I recently got an email from someone asking about nylon whips. Now if they are a reader of this blog they know I’m not a nylon whip maker, however I have made a few nylon whips. Here’s what they asked:
“what do you use for your bolster material in the paracord whips? I hear that using tape is not the correct method?”
The few nylon whips that I have made I didn’t use tape. There are a couple reasons for that. First over time the tape can loose its stickiness so it don’t actually hold tight. I think a lot of people use tape because it temporarily will hold a whip tight, however once you years get down the road I don’t know how effective it will be. Second is that tape doesn’t add much bulk or weight to the whip. If you were to use tape to add taper or weight you’ll be adding an insane amount of tape.
Keep in mind I’m now a nylon whip maker, so there may be ways to overcome both of these problems with tape (using tape).

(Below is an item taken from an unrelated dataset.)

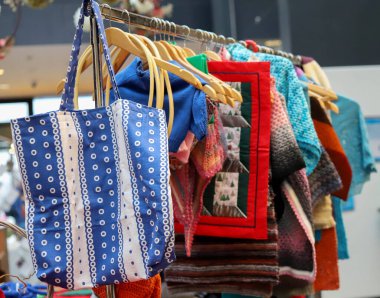 Danimarka 'da tüm ürünlerin el yapımı olduğu yerel Noel Pazarı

The few nylon whips that I’ve made were made with bolsters, however they were vinyl bolsters that were cut like a traditional leather bolster to add taper to the whip. They turned out just fine with this method. I’m trying to figure out why more nylon makers don’t use this technique, it’s way faster than taping a whip and gives you some control of the taper. My best guess is that it’s either that a sheet of vinyl can be expensive, so it’s a cost thing. Or many nylon whip makers aren’t that well versed in whip making techniques and are scared to make a traditional bolster.
However in my opinion at the end of the day there is no one right way to make a whip. If it makes a whip that cracks like the maker intends it to and it lasts for what the maker intends to be the life expectancy of the whip, then that way is correct for that person.